Ik ga in ieder geval akkoord dat er activisme moet staan. Het bastaardkind heeft lang genoeg als achterliggede hegemonisch idee geleefd. Het is een bastaardkind omdat het gebaseerd is op het gebrek aan ene idee. Het is een excuus voor intellectuele luiheid en de beste garantie dat politici - en de lobbygroepen zoals de vakbonden en de werkgeversorganisaties - de samenleving kunnen gebruiken als een speelbal voor hun ‘beleid’. Genoeg daarvan.
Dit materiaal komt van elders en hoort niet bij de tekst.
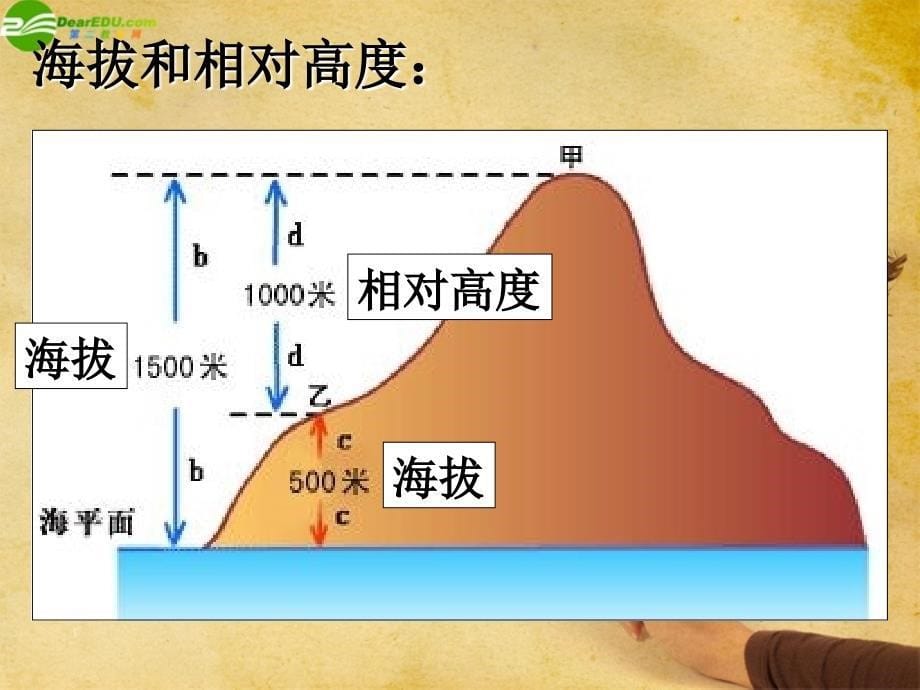 七年级地理上册 第四节地形图课件 中图版_第5页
Het is ook nodig dat we het idee achter ons laten. Het is onlogisch te verwachten dat we een staat kunnen hebben die subsidieert zonder te controleert. Als je geld vraagt van de staat, zal haar controle onvermijdelijk komen. Deze controle zal veroorzaken dat we in een logica gedwongen worden waar we geen deel van willen zijn. Stop met de staat te vragen; ga voor burgerlijke ongehoorzaamheid. Wij willen u niet; noch uw geld, noch uw controle. En de staat en haar perversiteiten zal op de duur ophouden te bestaan. Dat was de mooie boodschap van Etienne de la Boetie. De slavernij van de controle aan de staat is uiteindelijk berust op burgerlijke gehoorzaamheid. De keizer heeft geen kleren; maar tracht je wel om te kopen met geld. Aanvaard het niet; verzet u tegen dit vergiftigd geschenk. Er zijn belangrijkere zaken in het leven dan subsidie geld; die je alleen maar kan bereiken als je de controle afketst en weigert.


Het wordt tijd voor activisme. Tijd voor solidariteit. Tijd voor vrijheid. En weg met de bastaard en de staat die haar nodig heeft.